** Work instruction **
Up to and including the line with "Land Rover Defender view 17", please reproduce the lines below exactly, beginning with the first.

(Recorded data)
══════════════════════════════
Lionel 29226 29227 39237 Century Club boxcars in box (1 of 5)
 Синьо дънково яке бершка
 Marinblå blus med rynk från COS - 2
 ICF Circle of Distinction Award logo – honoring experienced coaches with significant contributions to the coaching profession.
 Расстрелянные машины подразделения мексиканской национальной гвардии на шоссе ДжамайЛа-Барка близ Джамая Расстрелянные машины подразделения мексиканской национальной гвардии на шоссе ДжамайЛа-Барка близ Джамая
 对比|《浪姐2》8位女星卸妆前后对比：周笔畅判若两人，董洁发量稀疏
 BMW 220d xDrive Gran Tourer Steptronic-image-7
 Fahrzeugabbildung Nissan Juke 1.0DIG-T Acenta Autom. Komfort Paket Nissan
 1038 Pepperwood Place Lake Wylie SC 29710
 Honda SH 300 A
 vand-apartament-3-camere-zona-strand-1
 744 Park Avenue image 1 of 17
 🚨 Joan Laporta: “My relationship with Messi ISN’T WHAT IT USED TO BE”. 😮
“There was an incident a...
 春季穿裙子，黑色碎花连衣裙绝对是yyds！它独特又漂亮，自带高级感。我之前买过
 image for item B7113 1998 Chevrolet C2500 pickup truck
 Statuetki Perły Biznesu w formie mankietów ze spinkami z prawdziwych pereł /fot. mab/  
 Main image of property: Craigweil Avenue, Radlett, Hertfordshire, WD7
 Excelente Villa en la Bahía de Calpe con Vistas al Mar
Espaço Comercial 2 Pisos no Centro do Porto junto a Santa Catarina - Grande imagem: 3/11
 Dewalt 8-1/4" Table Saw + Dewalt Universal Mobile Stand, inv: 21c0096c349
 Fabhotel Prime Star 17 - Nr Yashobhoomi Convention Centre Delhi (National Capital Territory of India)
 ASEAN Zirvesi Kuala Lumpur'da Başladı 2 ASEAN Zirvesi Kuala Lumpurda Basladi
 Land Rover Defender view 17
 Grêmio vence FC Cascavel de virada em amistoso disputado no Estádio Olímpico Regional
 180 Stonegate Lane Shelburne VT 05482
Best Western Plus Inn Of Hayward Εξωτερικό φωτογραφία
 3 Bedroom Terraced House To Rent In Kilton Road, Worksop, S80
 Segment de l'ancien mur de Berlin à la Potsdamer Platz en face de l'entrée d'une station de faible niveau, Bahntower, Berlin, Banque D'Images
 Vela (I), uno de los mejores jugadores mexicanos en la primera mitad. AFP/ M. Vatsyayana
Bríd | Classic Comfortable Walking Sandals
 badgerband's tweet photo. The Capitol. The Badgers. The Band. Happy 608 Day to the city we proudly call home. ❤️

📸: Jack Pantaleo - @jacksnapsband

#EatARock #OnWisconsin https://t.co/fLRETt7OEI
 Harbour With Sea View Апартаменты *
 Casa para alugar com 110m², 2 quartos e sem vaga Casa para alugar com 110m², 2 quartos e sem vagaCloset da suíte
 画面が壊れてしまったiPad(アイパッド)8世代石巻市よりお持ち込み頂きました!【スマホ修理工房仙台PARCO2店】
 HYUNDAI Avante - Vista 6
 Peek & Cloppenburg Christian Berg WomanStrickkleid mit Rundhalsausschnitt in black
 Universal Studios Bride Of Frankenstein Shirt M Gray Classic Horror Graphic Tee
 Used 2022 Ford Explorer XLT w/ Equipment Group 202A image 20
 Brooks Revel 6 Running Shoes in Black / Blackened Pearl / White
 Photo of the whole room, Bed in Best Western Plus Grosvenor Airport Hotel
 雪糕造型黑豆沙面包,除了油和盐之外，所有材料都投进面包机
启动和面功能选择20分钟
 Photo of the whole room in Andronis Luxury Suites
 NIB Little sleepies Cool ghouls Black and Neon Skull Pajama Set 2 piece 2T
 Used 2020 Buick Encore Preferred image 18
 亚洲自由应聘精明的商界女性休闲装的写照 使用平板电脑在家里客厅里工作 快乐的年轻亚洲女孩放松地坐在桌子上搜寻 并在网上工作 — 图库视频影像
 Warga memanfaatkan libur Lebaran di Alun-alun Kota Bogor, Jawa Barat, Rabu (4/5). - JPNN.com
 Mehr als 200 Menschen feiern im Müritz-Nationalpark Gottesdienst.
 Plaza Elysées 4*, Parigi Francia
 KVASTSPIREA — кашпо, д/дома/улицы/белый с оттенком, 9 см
══════════════════════════════
** Result for this exercise **
Lionel 29226 29227 39237 Century Club boxcars in box (1 of 5)
 Синьо дънково яке бершка
 Marinblå blus med rynk från COS - 2
 ICF Circle of Distinction Award logo – honoring experienced coaches with significant contributions to the coaching profession.
 Расстрелянные машины подразделения мексиканской национальной гвардии на шоссе ДжамайЛа-Барка близ Джамая Расстрелянные машины подразделения мексиканской национальной гвардии на шоссе ДжамайЛа-Барка близ Джамая
 对比|《浪姐2》8位女星卸妆前后对比：周笔畅判若两人，董洁发量稀疏
 BMW 220d xDrive Gran Tourer Steptronic-image-7
 Fahrzeugabbildung Nissan Juke 1.0DIG-T Acenta Autom. Komfort Paket Nissan
 1038 Pepperwood Place Lake Wylie SC 29710
 Honda SH 300 A
 vand-apartament-3-camere-zona-strand-1
 744 Park Avenue image 1 of 17
 🚨 Joan Laporta: “My relationship with Messi ISN’T WHAT IT USED TO BE”. 😮
“There was an incident a...
 春季穿裙子，黑色碎花连衣裙绝对是yyds！它独特又漂亮，自带高级感。我之前买过
 image for item B7113 1998 Chevrolet C2500 pickup truck
 Statuetki Perły Biznesu w formie mankietów ze spinkami z prawdziwych pereł /fot. mab/  
 Main image of property: Craigweil Avenue, Radlett, Hertfordshire, WD7
 Excelente Villa en la Bahía de Calpe con Vistas al Mar
Espaço Comercial 2 Pisos no Centro do Porto junto a Santa Catarina - Grande imagem: 3/11
 Dewalt 8-1/4" Table Saw + Dewalt Universal Mobile Stand, inv: 21c0096c349
 Fabhotel Prime Star 17 - Nr Yashobhoomi Convention Centre Delhi (National Capital Territory of India)
 ASEAN Zirvesi Kuala Lumpur'da Başladı 2 ASEAN Zirvesi Kuala Lumpurda Basladi
 Land Rover Defender view 17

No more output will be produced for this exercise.